According to a program outline Landry provided to The Pilot, the program will discuss key archdiocesan initiatives, various aspects of Catholic teaching, profiles of Catholic leaders and current events from a Catholic perspective.
He will be assisted each day by one of several co-hosts, including such as Judicial Vicar Father Mark O'Connell; Office of Religious Education Director Susan Abbott; Office for the New Evangelization of Youth and Young Adults Director Father Matt Williams; and Father Chris O'Connor, vice-rector of St. John's Seminary.
Landry also said the program could include segments on local and national current events by a Boston Pilot staffer and editorial analysis by Father Roger Landry, executive editor of The Anchor, the newspaper of the Diocese of Fall River. Father Landry is the brother of Scot Landry.
"The Good Catholic Life" will also have a companion website, www.thegoodcatholiclife.com and the show will be available on iTunes.
The Ash Wednesday launch of the program is significant, according to Landry, because the show can promote ministries the archdiocese will be beginning this Lenten season, such as Catholics Come Home and The Light Is On For You.
Landry said the first episode will be a special two-hour program, and will include coverage of the archdiocese's official launch of Catholics Come Home.
During the first hour, "The Good Catholic Life" is expected to profile Catholics Come Home, with Cardinal O'Malley as a guest. The program is expected to discuss Cardinal O'Malley's hopes for the Boston version of the nationwide effort to welcome lapsed Catholics back to the Church.
Landry and Cardinal O'Malley will also be joined on-air by Tom Peterson, director of the national Catholics Come Home organization, and Jim Wright, president of Holy Family Communications, which oversees WQOM.
The second hour will consist of a live broadcast of the Catholics Come Home kick-off Mass from the Pastoral Center, with Cardinal O'Malley as the main celebrant.
During Lent, the show will also focus on The Light Is On For You, the archdiocese's weekly confession initiative begun last year. This year, all churches and chapels of the archdiocese will be open for confessions on Wednesday evenings throughout Lent.
Landry also discussed the significance of naming the show, "The Good Catholic Life."
"We're all created to seek the good life.
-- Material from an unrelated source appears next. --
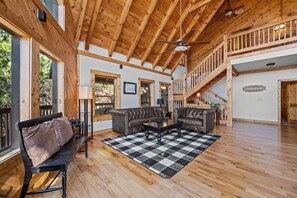 TV, fireplace, foosball - *Spacious 4BD Lodge w/ HOT TUB! Pool + Mtn Views!* (Sevierville)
Everybody wants a deep sense of happiness and mission in this world," he said. "Our Catholic faith teaches us God created us to live according to his will."
"What we believe as people of faith is that the good life and the good Catholic life are synonymous," Landry added. "We hope the program can shed a lot of light on ways to live the Catholic life to the best of our abilities and share, through the stories of our guests, how that leads to deep fulfillment and happiness."
Landry said he sees radio as a valuable tool for evangelization.
"Radio gives guests the opportunity to not talk in sound bites," Landry said. "They can talk in-depth about the faith."
At the same time, he said, when people listen to the radio they are frequently in a situation where they can focus on a program for a longer time.
"When people listen to the radio, they tend to be less rushed," he said.
Landry is well-acquainted with the microphone, having broadcast Harvard University's basketball and football games as a student there in the early 1990s. In his more recent roles with the Archdiocese of Boston, he has appeared as a guest on several radio and television programs.
The producer of "The Good Catholic Life" will be Rick Heil, who interned with the Archdiocese of Boston's Catholic Media Secretariat last summer, helping to launch its new media initiatives.
Heil completed his music industry major at SUNY-Oneonta in December.
The goals of the program are to "raise awareness of the vibrance of the Catholic community" and "highlight the good things the Church does," according to Heil.
He also noted the importance of having local radio faith-based programming.
"To me, it's a logical next step to have a media outlet that's localized," Heil said.